[THE TASK] Please output the following records exactly. Leave every image out.

INFORMATION Block Start

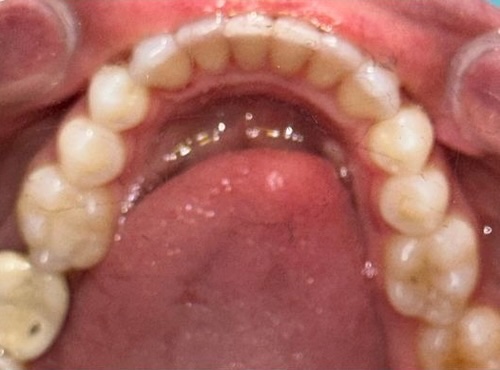 smile gallery image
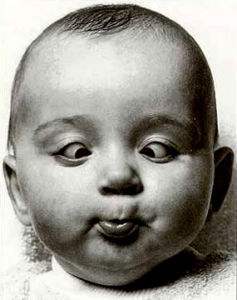 家长发现斗鸡眼怎么办?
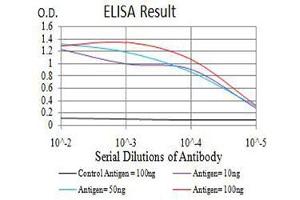 Black line: Control Antigen (100 ng),Purple line: Antigen (10 ng), Blue line: Antigen (50 ng), Red line:Antigen (100 ng) (ADAMTS1 抗体  (AA 858-960))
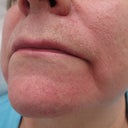 66 Year Old Female Treated With Radiesse For Marionette Lines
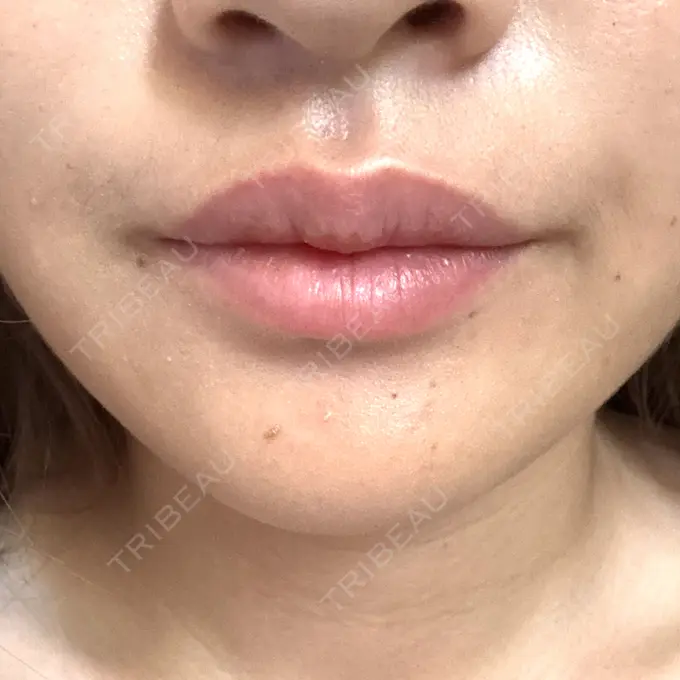 ボトックス（口角） / ボトックス（額） 大美会クリニック 神戸院 DAY 1 メイン用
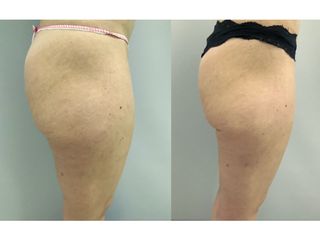 Liposuzione  - Dott. Stefano Toschi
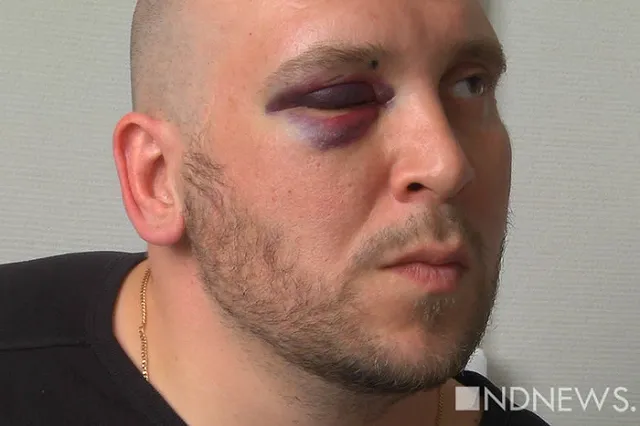 «Это любовный треугольник». Полиция разобралась в инциденте с другом Zergulio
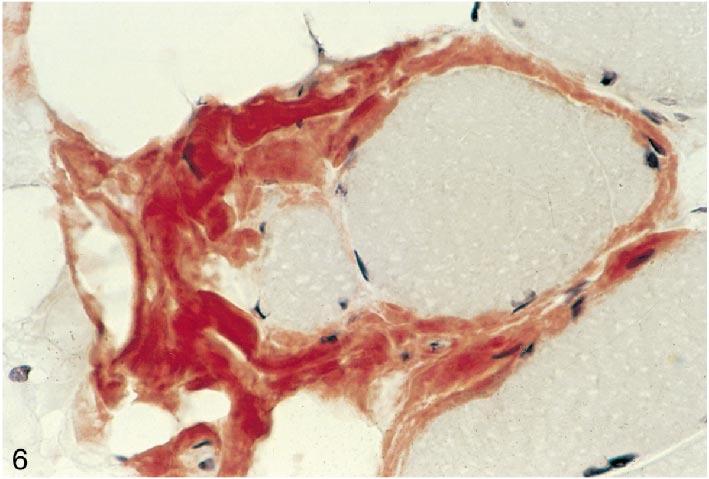 Figure 6. Patient 8. Muscle biopsy demonstrating endomysial amyloid deposition highlighted using a Congo red stain.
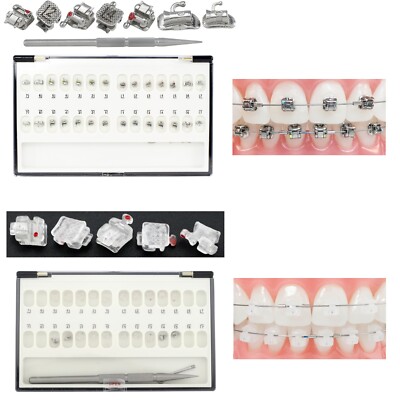 Orthodontic Self Ligating Bracket Metal Ceramic Clear Roth 022 345 Ormco Damon Q
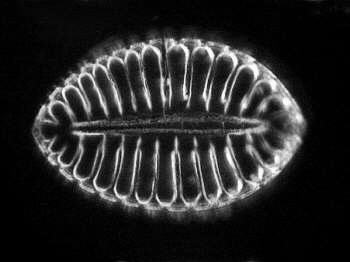 [diatoms diatom image images diatomeen fotos]
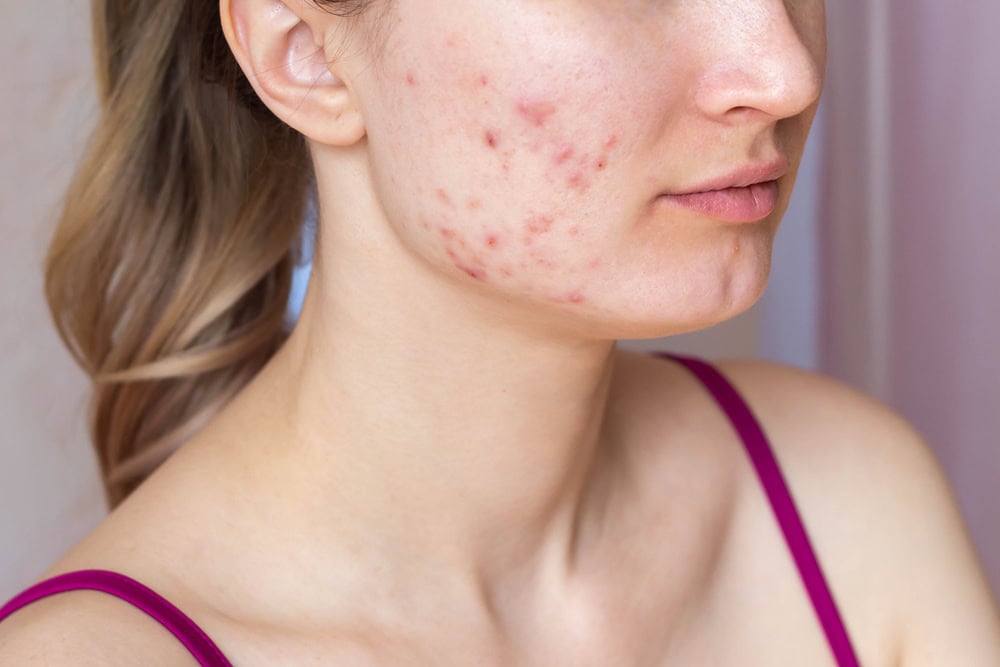 Cropped,Shot,Of,A,Young,Woman's,Face,With,The,Problem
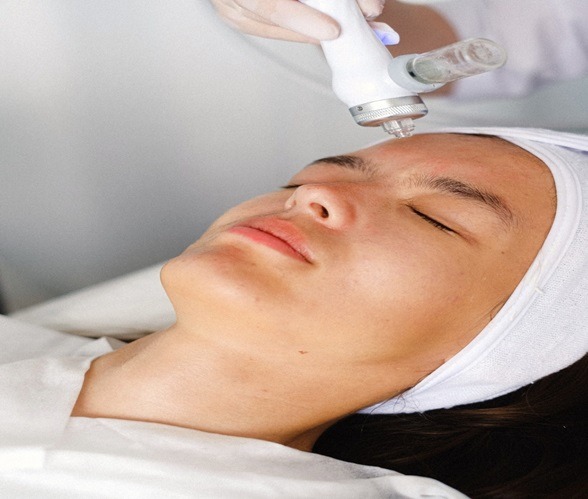 What is Candela Laser Skin Rejuvenation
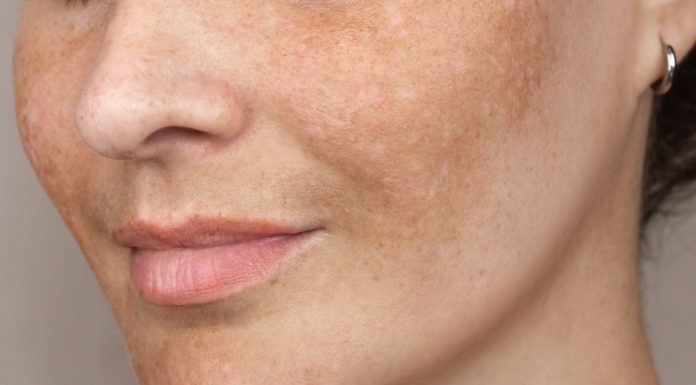 Trzy bestsellerowe sera na przebarwienia. Efektownie rozjaśniają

INFORMATION Block End

[RESULT OF THE TASK]
 smile gallery image
 家长发现斗鸡眼怎么办?
 Black line: Control Antigen (100 ng),Purple line: Antigen (10 ng), Blue line: Antigen (50 ng), Red line:Antigen (100 ng) (ADAMTS1 抗体  (AA 858-960))
 66 Year Old Female Treated With Radiesse For Marionette Lines
 ボトックス（口角） / ボトックス（額） 大美会クリニック 神戸院 DAY 1 メイン用
 Liposuzione  - Dott. Stefano Toschi
 «Это любовный треугольник». Полиция разобралась в инциденте с другом Zergulio
 Figure 6. Patient 8. Muscle biopsy demonstrating endomysial amyloid deposition highlighted using a Congo red stain.
 Orthodontic Self Ligating Bracket Metal Ceramic Clear Roth 022 345 Ormco Damon Q
 [diatoms diatom image images diatomeen fotos]
 Cropped,Shot,Of,A,Young,Woman's,Face,With,The,Problem
 What is Candela Laser Skin Rejuvenation
 Trzy bestsellerowe sera na przebarwienia. Efektownie rozjaśniają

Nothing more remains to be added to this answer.